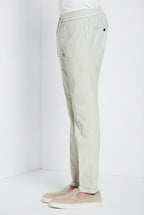 New York Sack pantalón chino jogger hombre en tela de paracaídas de lyocell y algodón regular fit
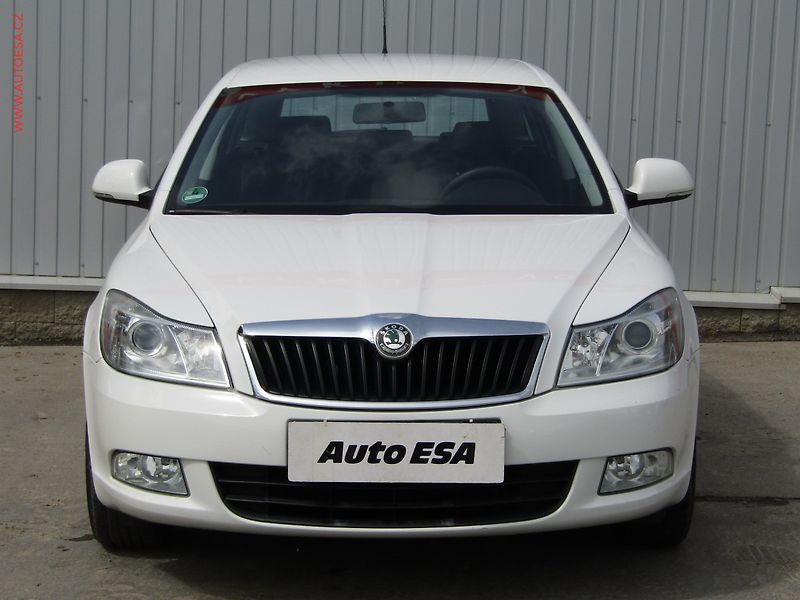 Škoda Octavia (2009) 1.6 MPi, Ambiente, AC - fotka 2 z 13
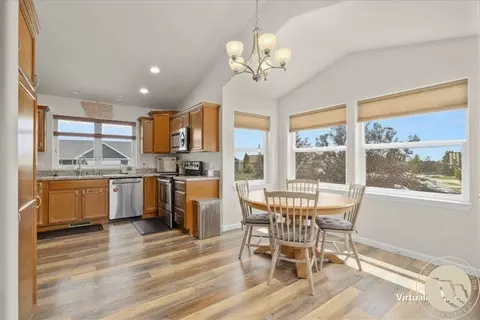 Kitchen - 3150 E Copper Rdg, Billings, MT 59106 photo 3 of 3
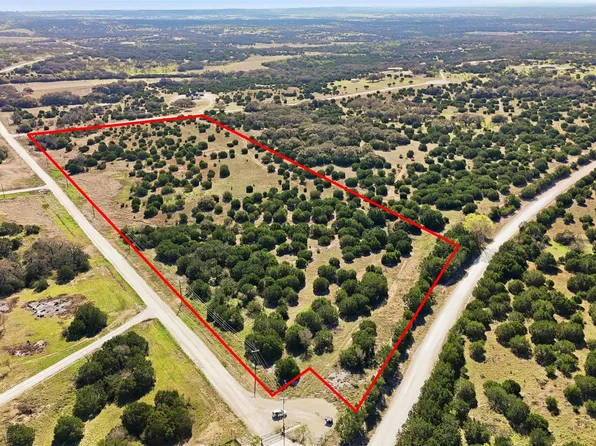 300 W Oak Ave, Comanche, TX 76442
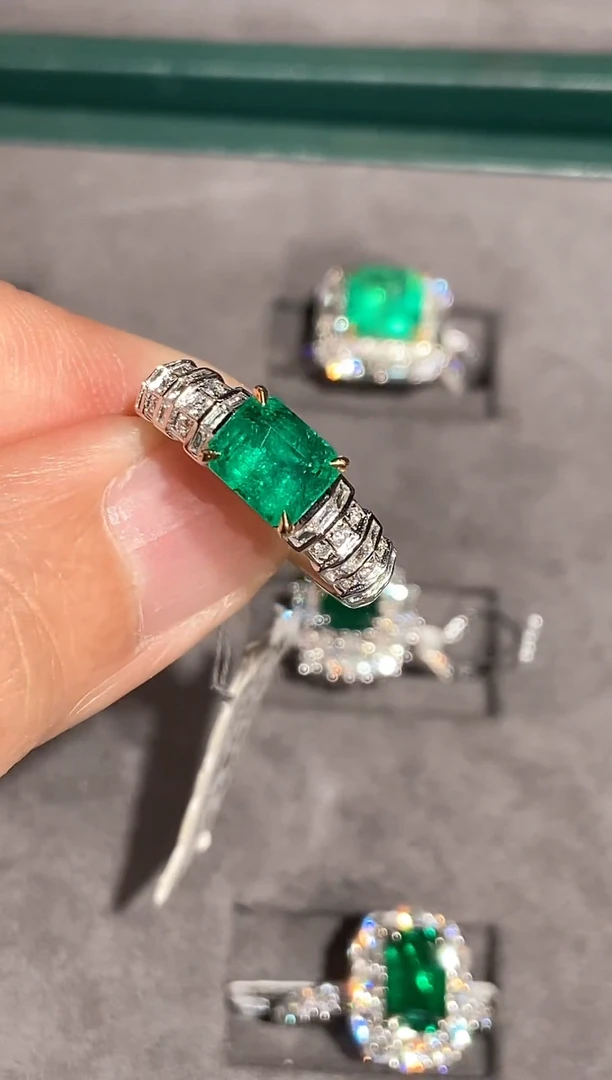18K金镶嵌戒指祖母绿【闪购】1.83ct/七天鉴赏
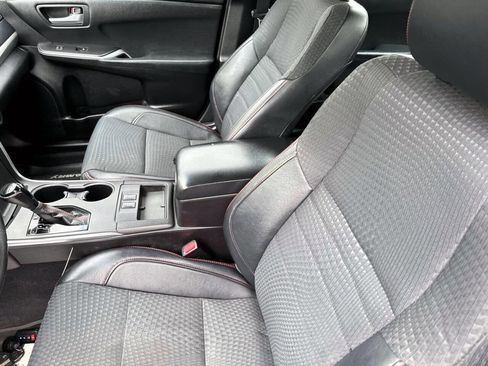 Used 2015 Toyota Camry SE FWD image 10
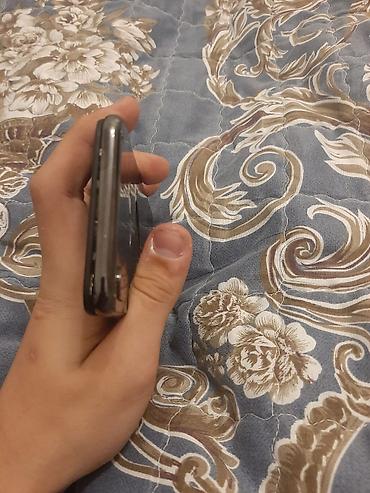 kreditə iphone: IPhone X, 64 GB, Qara, Qırıq — 2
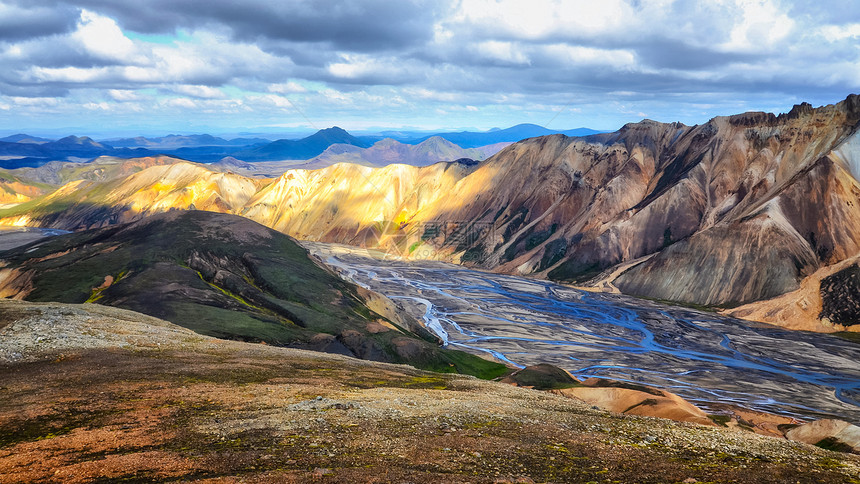多彩山地景观 冰岛天空爬坡岩石荒野风景远足观光旅游火山旅行图片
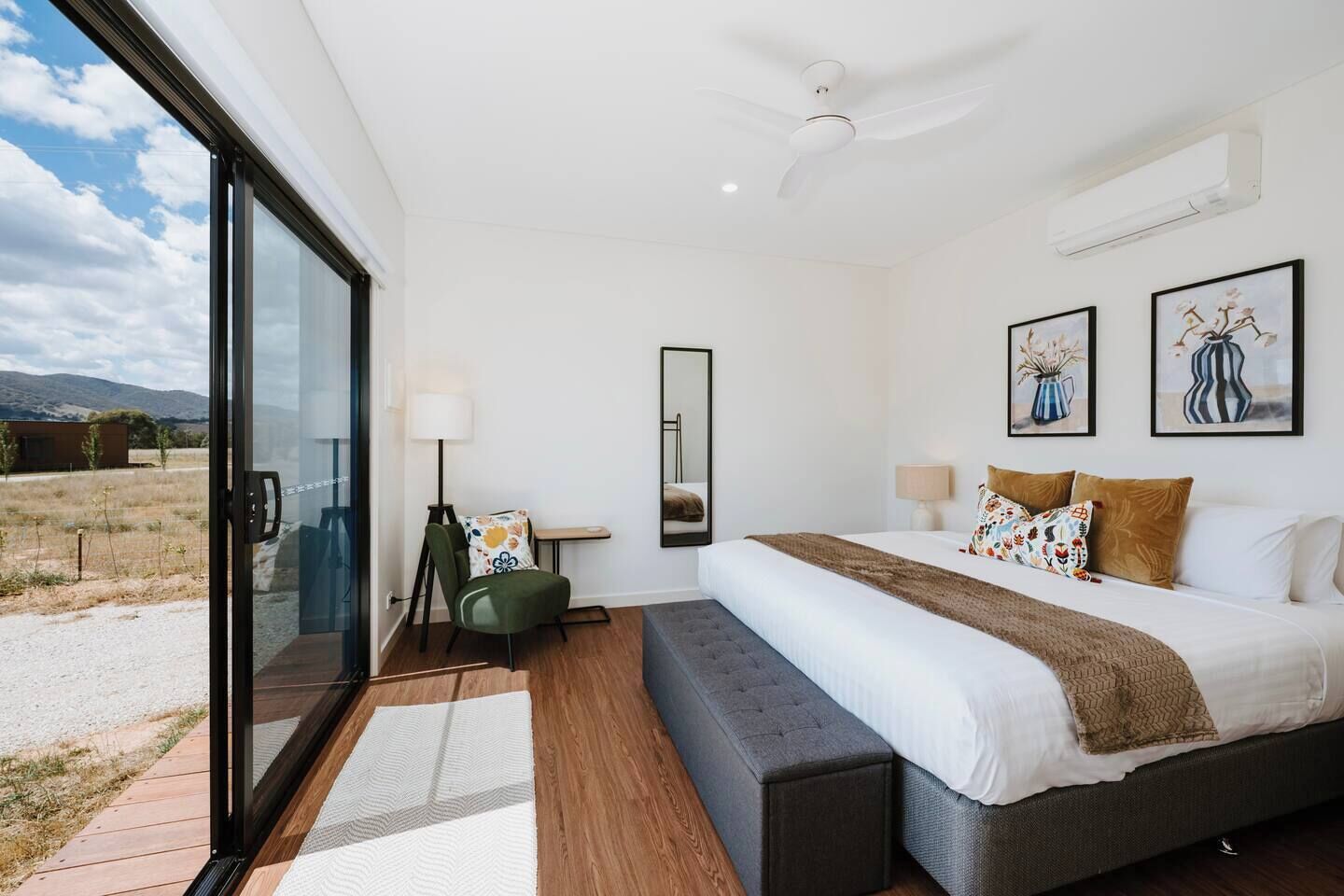 Cuna de viaje, wifi, ropa de cama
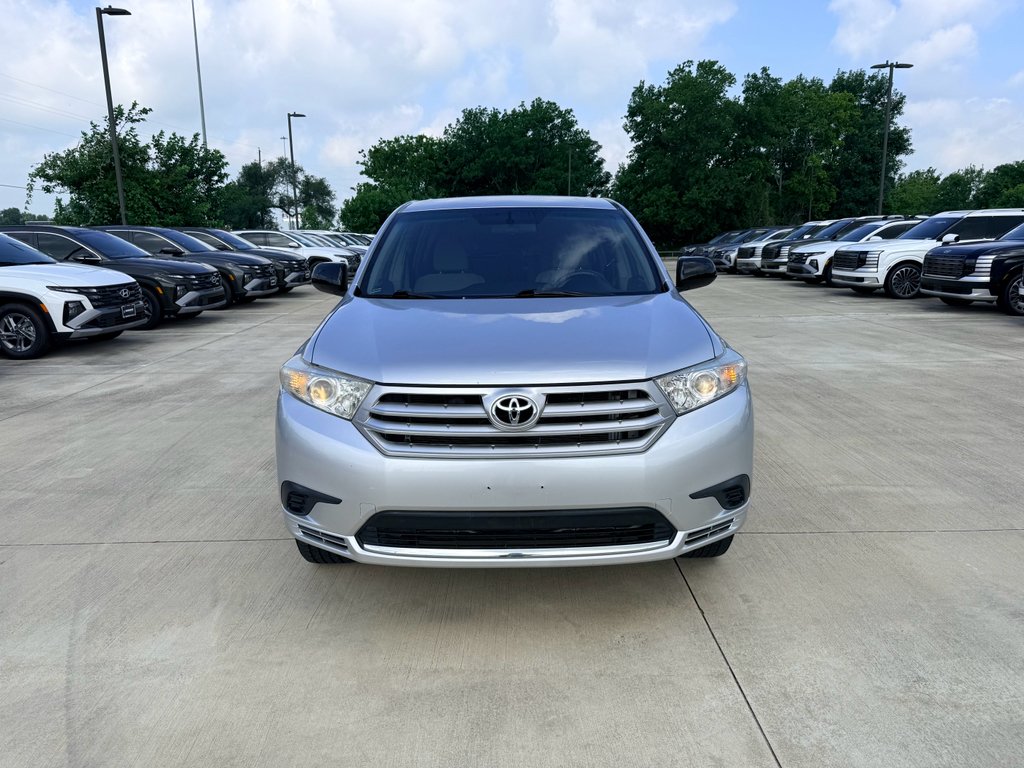 Used 2013 Classic Silver Metallic Toyota  image 2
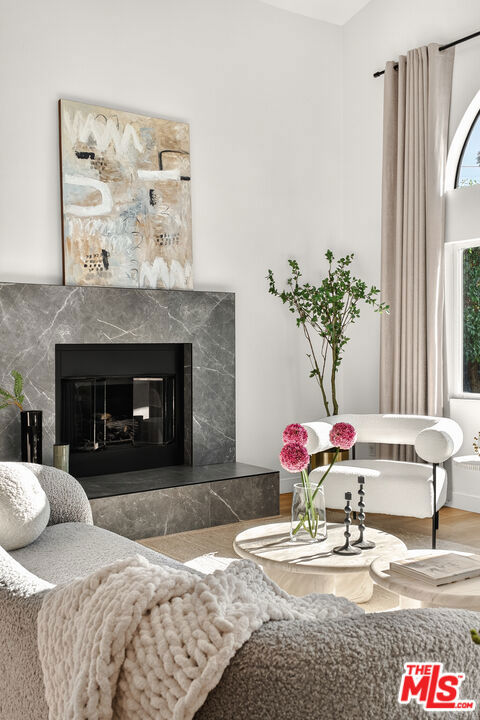 2603 Crestmoore Place, Los Angeles CA: https://media.crmls.org/mediaz/46ecd101-8e94-4a24-9a4b-8bf86aee5b09.jpg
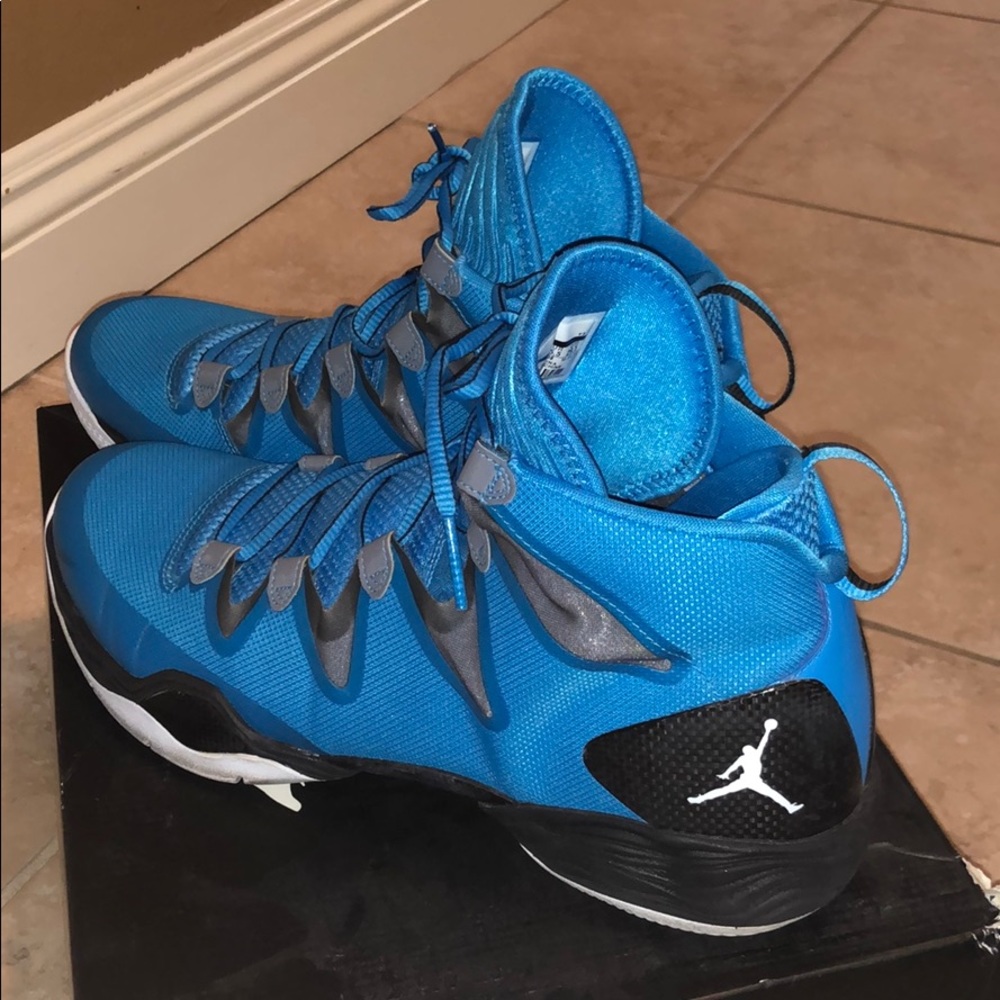 Worn gently on inside court Air Jordan - Picture 2 of 5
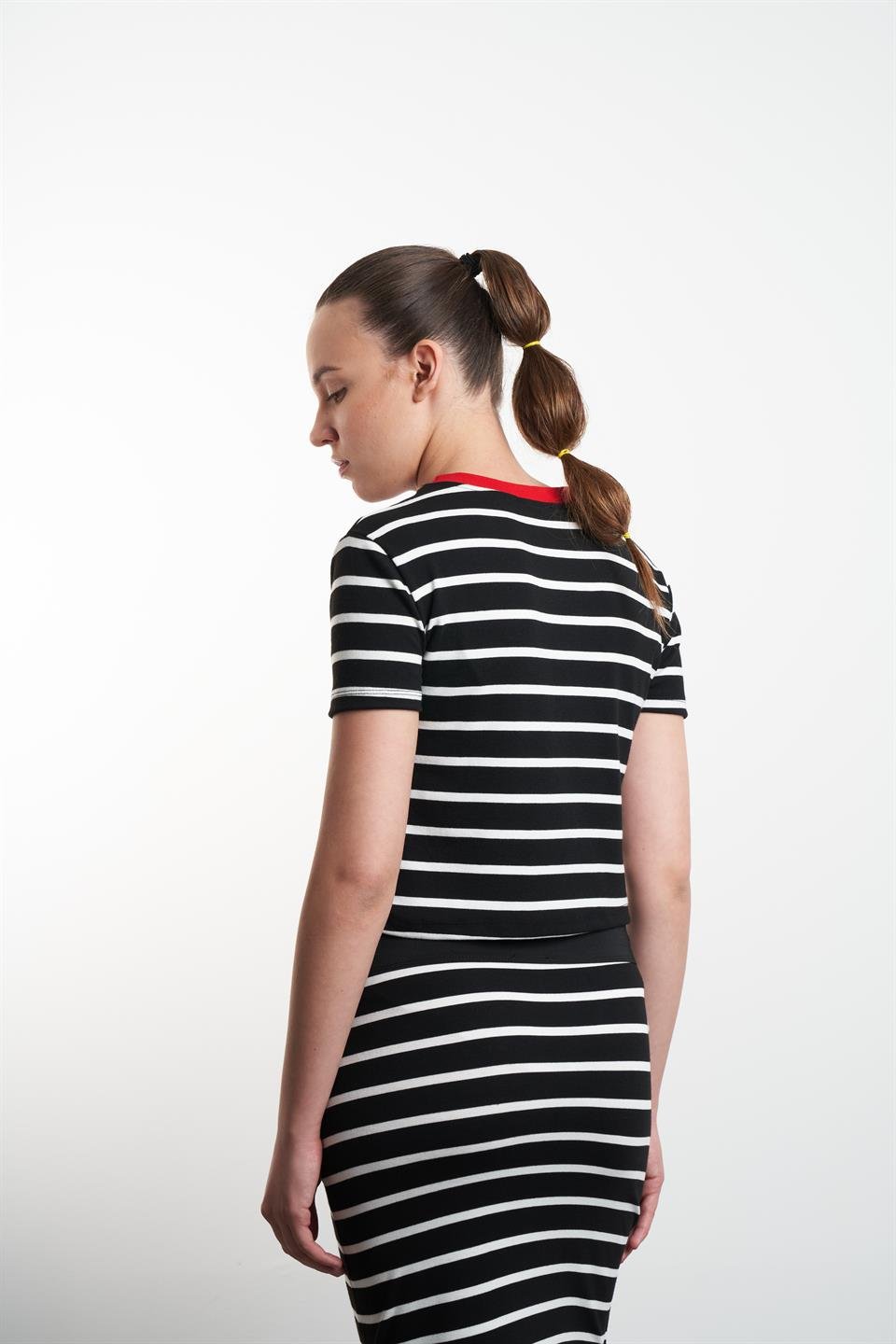 Kalp Nakış Baskılı Çizgili Kısa T-shirt Siyah-Beyaz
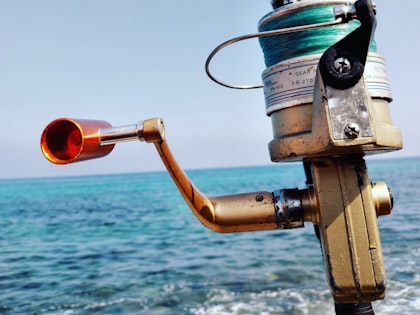 Electronic fishing bell clip-on audible indicator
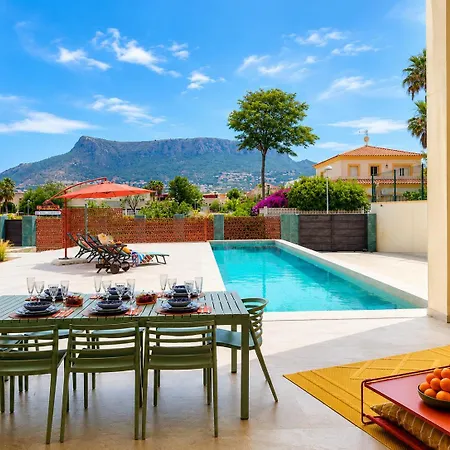 Luxury Galaxy 12min Walk 15m Pool Вилла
* * * * * * *
**ASSIGNMENT**
Return the material in full, word for word, and skip the pictures.

**RESPONSE TO THIS TASK**
 New York Sack pantalón chino jogger hombre en tela de paracaídas de lyocell y algodón regular fit
 Škoda Octavia (2009) 1.6 MPi, Ambiente, AC - fotka 2 z 13
 Kitchen - 3150 E Copper Rdg, Billings, MT 59106 photo 3 of 3
 300 W Oak Ave, Comanche, TX 76442
18K金镶嵌戒指祖母绿【闪购】1.83ct/七天鉴赏
 Used 2015 Toyota Camry SE FWD image 10
 kreditə iphone: IPhone X, 64 GB, Qara, Qırıq — 2
多彩山地景观 冰岛天空爬坡岩石荒野风景远足观光旅游火山旅行图片
 Cuna de viaje, wifi, ropa de cama
 Used 2013 Classic Silver Metallic Toyota  image 2
 2603 Crestmoore Place, Los Angeles CA: https://media.crmls.org/mediaz/46ecd101-8e94-4a24-9a4b-8bf86aee5b09.jpg
 Worn gently on inside court Air Jordan - Picture 2 of 5
 Kalp Nakış Baskılı Çizgili Kısa T-shirt Siyah-Beyaz
 Electronic fishing bell clip-on audible indicator
 Luxury Galaxy 12min Walk 15m Pool Вилла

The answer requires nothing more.